Na decisão, Dino aponta que a Associação Brasileira de Psicologia do Tráfico (Abrapsit), entidade que recorreu ao STF, não tem legitimidade jurídica para questionar a Medida Provisória 1.327 de 2025, que passou a prever a medida.
A associação criticou a adoção do cadastro de bons condutores para dispensar motoristas da realização de exames de orientação física e mental para renovação do documento.

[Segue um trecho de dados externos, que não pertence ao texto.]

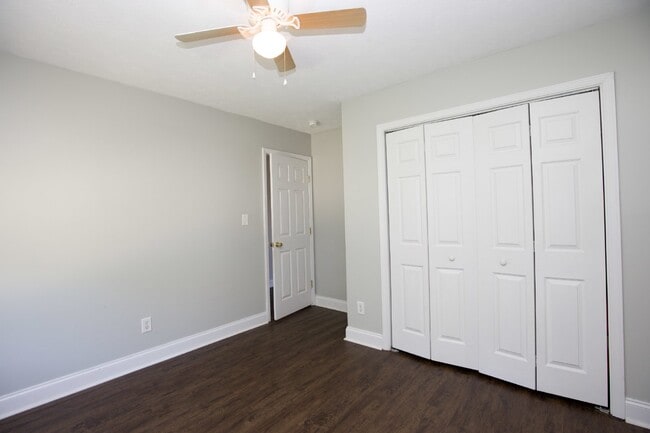 Building Photo - Adorable 3 bedroom 2 bath + Bonus in Raeford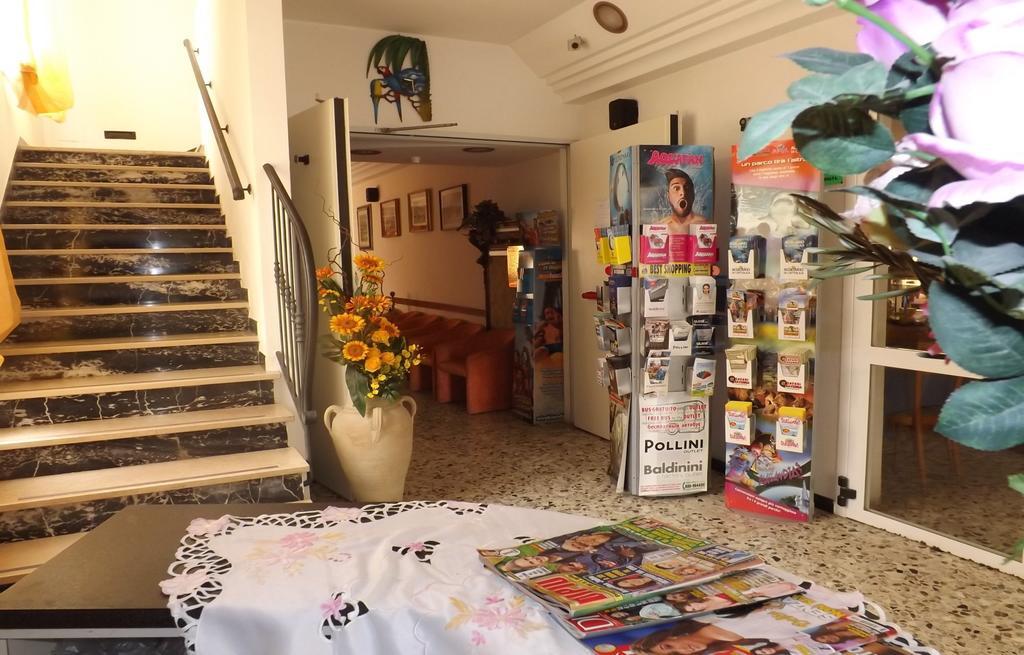 Hotel La Vela Bellaria-Igea Marina Esterno foto
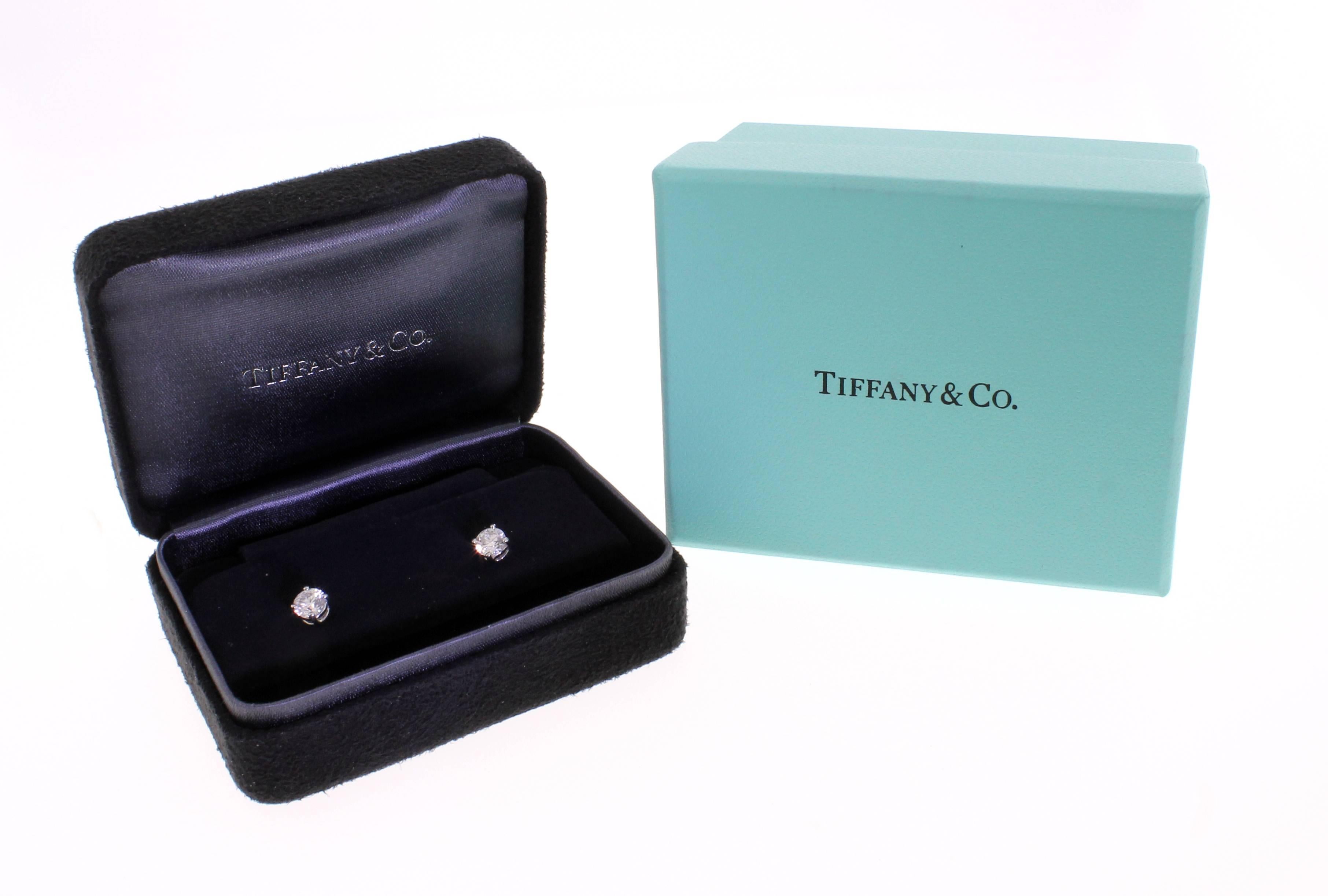 1 carat diamond stud earrings tiffany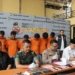 Kapolsek Metro Tamansari Polres Metro Jakarta Barat, Kompol Adhi Wananda didampingi Kanit Reskrim Polsek Metro Taman Sari, Kompol Roland Olaf Ferdinan dalam jumpa pers di Polsek Metro Taman Sari terkait kasus sindikat pencurian kendaraan bermotor, Rabu (17/5/2023). (Foto: Antara/Risky Syukur)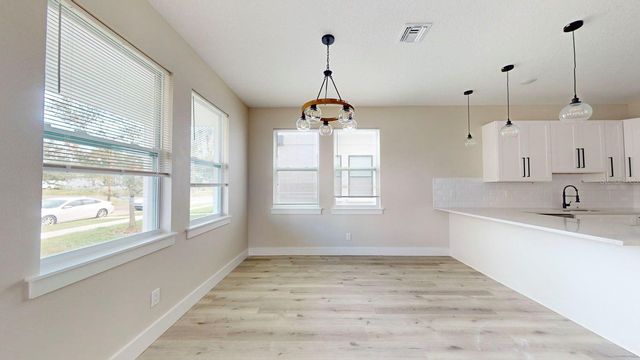 5112 3RD AVENUE N, St Petersburg, FL 33710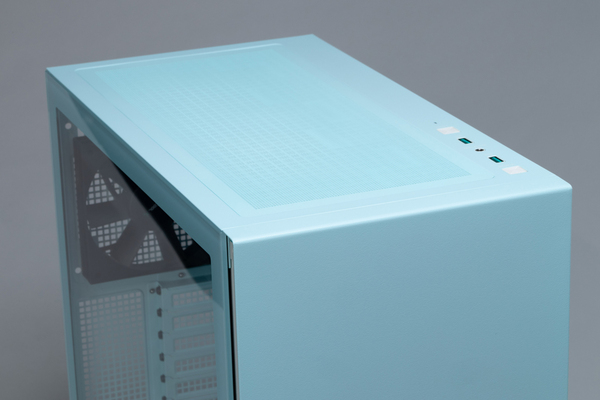 ASCII.jp：淡い水色がいい！ ドスパラ×DeepCoolのミドル／ミニタワーケースをじっくり眺める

O ministro também decidiu não explorar a ação direta de inconstitucionalidade protocolada pela entidade.
“Comportar-se a legitimação extraordinária da Abrapsit significa atribuir-lhe a representação em raciocínio de interesses de uma comunidade muito mais ampla do que a dos seus associados, fazendo instaurar um processo coletivo em que a maioria dos membros do grupo, categoria ou classe estariam sendo, potencialmente, representados por quem defende interesses não coincidentes ou até contrários aos seus”, decidiu Dino.
A renovação automática da CNH para bons condutores entrou em vigor no início deste mês. Segundo o Ministério dos Transportes, a medida já beneficiou 323.459 motoristas. Tapume de R$ 226 milhões foram economizados pelos condutores. O montante inclui os valores que seriam pagos em exames e taxas.